▶ [Source material]
= = = = =

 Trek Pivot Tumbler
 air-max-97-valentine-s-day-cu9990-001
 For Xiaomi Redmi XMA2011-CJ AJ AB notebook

= = = = =

▶ [Exercise brief]
Beginning at the line containing "air-max-97-valentine-s-day-cu9990-001", output exactly each line up to and including the last line of the material above.

▶ [Reply]
 air-max-97-valentine-s-day-cu9990-001
 For Xiaomi Redmi XMA2011-CJ AJ AB notebook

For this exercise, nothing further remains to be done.